Billionaire tycoon Roman Abramovich has declared victory in the first round of legal proceedings against a controversial book that claimed he bought Chelsea Football Club on the orders of Russian President Vladimir Putin.
In a statement issued on Wednesday, a spokesman for the businessman said a British court had ruled in his favor against Catherine Belton, the author of ‘Putin’s People’, and its publisher, HarperCollins.
Rola Brentlin, the director of corporate affairs for the West London football club, which Abramovich purchased in 2003 as part of a deal reportedly worth $187 million, welcomed the decision.
According to him, the judge ruled “that the book ‘Putin’s People’ indeed makes several defamatory allegations about Mr. Abramovich, including false allegations about the nature of the purchase of Chelsea Football Club.”
“We are pleased that the judgment has found that the book carries a total of nine defamatory allegations against Mr Abramovich, in line with the arguments in Mr Abramovich’s initial claim,” they continued. “Today’s judgment also rules that these allegations are allegations of fact and not an expression of opinion, as argued by the defendants.”
The Russian businessman, estimated to be worth more than $14 billion, announced he would bring the lawsuit in March this year.

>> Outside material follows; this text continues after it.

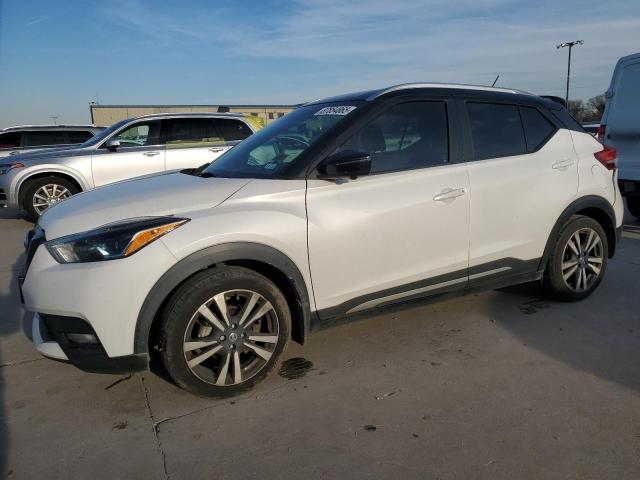 NISSAN KICKS SR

According to his legal team, ‘Putin’s People’ “falsely alleges our client has acted corruptly, and makes also claims about our client’s purchase, and the activities, of Chelsea Football Club.”

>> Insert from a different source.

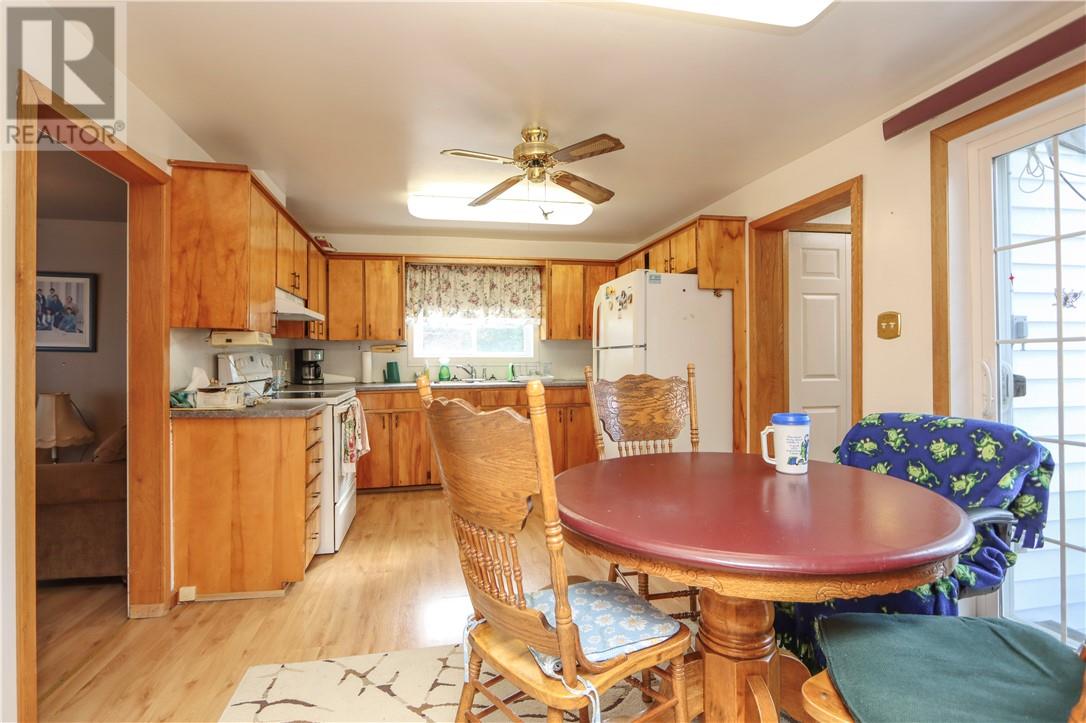 119 Laren Street, Wahnapitae, Ontario P0M 3C0 - Photo 2 - 2125358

The book claims that the Russian-Israeli business mogul shelled out millions for Chelsea as part of a Kremlin-directed campaign to improve the country’s reputation overseas.

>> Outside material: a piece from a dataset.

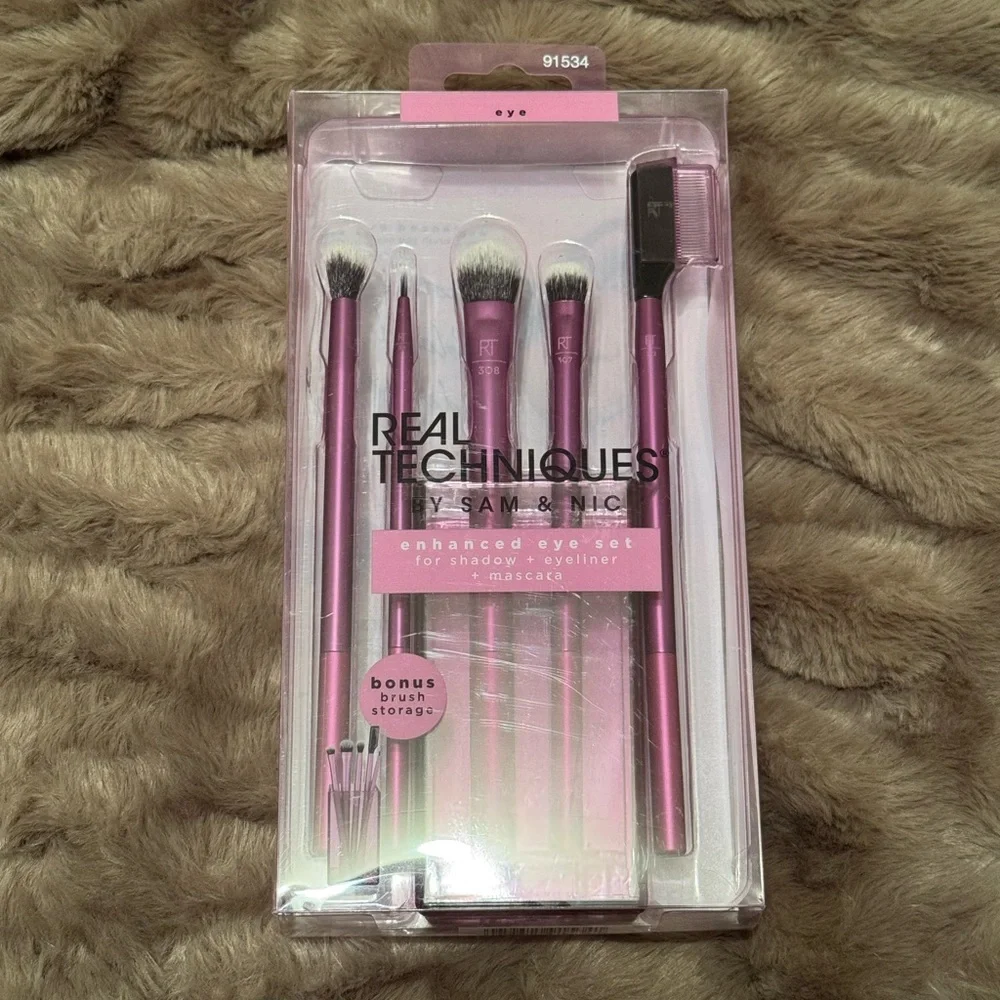 Real Techniques Makeup Brush Set - Picture 2 of 4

Belton, a former Moscow-based correspondent for the UK’s Financial Times, received glowing reviews from Western media colleagues for her debut tale, in which she alleges that Putin has woven a shadowy network of influence, binding together ex-KGB officers, oligarchs, and the Russian state.
Veteran Kremlin critic Anne Applebaum described the book as “the definitive account of the rise of Putin and Putinism,” while The Guardian wrote it up as a “fearless and fascinating account.”
However, at the same time, a number of critics panned the book and questioned a number of its revelations based on unverifiable claims from opponents of the Russian government.